Cream the butter and sugar together, then stir in the fruit and peel without flouring it, and let this mixture stand while you prepare the rest of the ingredients.
We believe that when the fruit is allowed to stand in the butter in this way its flavor permeates the cake more thoroughly than when it is floured and added last.
Sift the salt and spices with the flour. Beat the eggs. Beat the soda into the sour cream and stir this into the beaten eggs. Add the nuts to the fruit and butter and stir in alternately the sifted flour and spices and the egg and cream mixture.
Line baking pans with greased paper and bake in a slow oven (250°F) till done.

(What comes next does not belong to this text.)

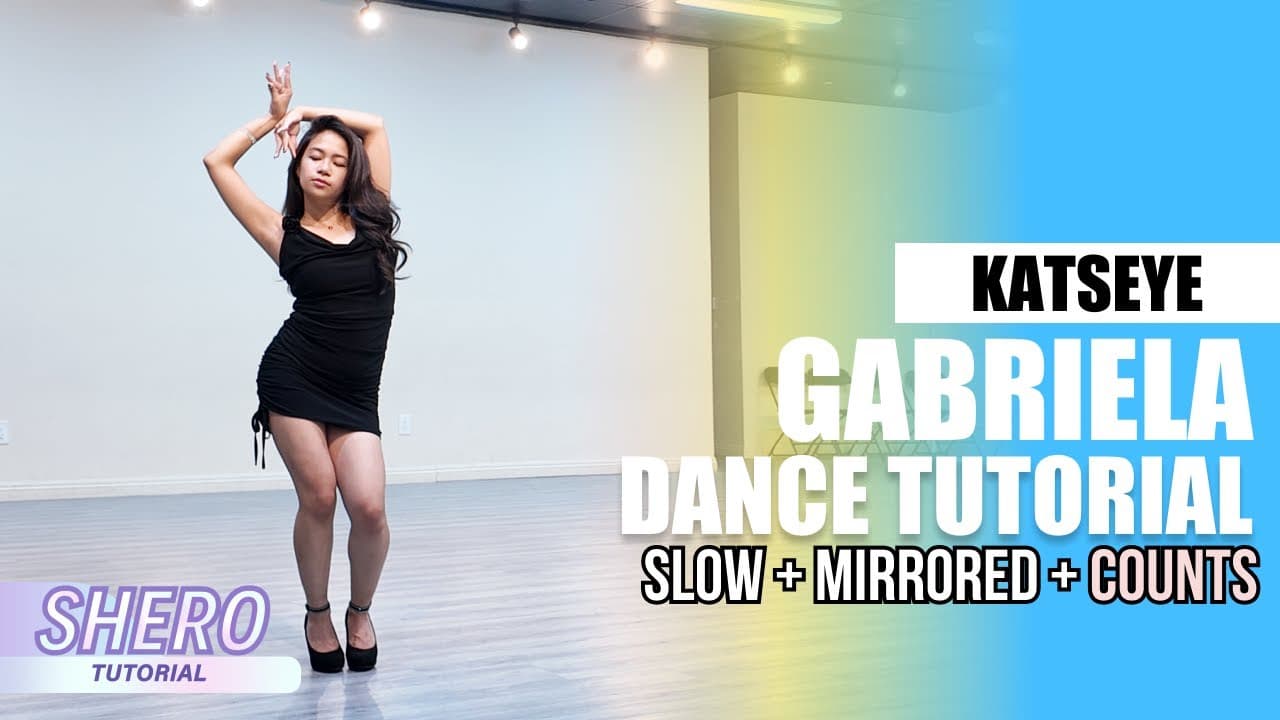 KATSEYE "Gabriela" — slow, mirrored, with counts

Mom's Recipe Scrapbooks (c. 1920s)
Ingredients: 3 egg whites, 1 tablespoon lemon juice, 1 pound icing sugar. Put the unbeaten egg whites in a large bowl, sift in icing sugar, and beat vigorously with a wooden spoon.
Add lemon juice. Beat until stiff or until it will hold its shape when cut though with a knife. More sugar may be required.
This icing is applied over a foundation such as almond paste. A pastry tube or a paper funnel may be used to apply fancy decorative trimming.
Two and one-half cups granulated sugar, 1/2 cup corn syrup, 1/2 cup water, 2 egg whites, 1-1/2 teaspoons pineapple.
Cook together the granulated sugar and the corn syrup in 1/2 cup water till it forms a soft ball; then pour over the egg whites beaten stiff and beat till the mixture is almost cold, creamy, and will hold shape when spread. While beating, add pineapple.
Can be used with or without almond paste. Any left over can be kept in a close-covered jar for further use.
Decorate with candied pineapple, red, green, and natural. Cut rings in wedge shapes and arrange in the form of a poinsettia, yellow for centers and green for leaves.
One pound ground almonds, 4 egg yolks, 1 teaspoon rose water, 1/2 teaspoon almond flavoring, 1 pound icing sugar.
Add yolks to almonds, then flavorings and sugar gradually, working till mixture is very smooth and stiff as dough; cut to shape of cake.
Moisten cake with water and press paste to it. Either leave for twenty-four hours before icing or bake in oven till top is delicately browned. —I. R. McK.
Try this old fashioned icing tip. First, bake a sweet potato. When done, scoop out the inside and with a fork mix icing sugar into it to make a firm paste, gradually adding a few drops of almond extract for flavoring.
This makes an excellent and inexpensive almond paste foundation for a decorative icing on Christmas fruitcakes. One sweet potato will take from 1 to 2 cups of icing sugar, depending on its size.
Mom loved to make traditional English fruitcake for Christmas, and we loved it when she did. I can still recall our farm kitchen being filled with the sweet, spicy aroma of her cakes baking in the oven of the old wood stove.
She was so proud of her homemade Christmas cake. It was fruit-filled, moist, and absolutely delicious! I especially loved its thick layers of marzipan and icing.
Throughout the holidays, whenever visitors came, they could never leave without first sampling a piece or two of Mom's Christmas cake.
Now, you can make these same holiday cakes chock full of old time goodness and the rich flavors of fruit.
Use the same Christmas fruitcake recipes and get ready to experience those wonderful Holiday Time aromas in your kitchen. Give your children fond memories to cherish.
Christmas fruitcakes have always had a traditional part in the Bell family's Holiday celebrations for many generations.
The above photo shows my Great Grandfather Dr. William Ralph Bell and his family enjoying their 1903 Christmas Eve Supper in Ottawa, Ontario.
Around the dining room table from left to right: Archie, Polly, Miss Cox (family friend), Jane, Laurie, Daysie, Dad (Dr. William Ralph Bell), Nan, Mamma (Mrs. W. R. Bell), and Bob Lett.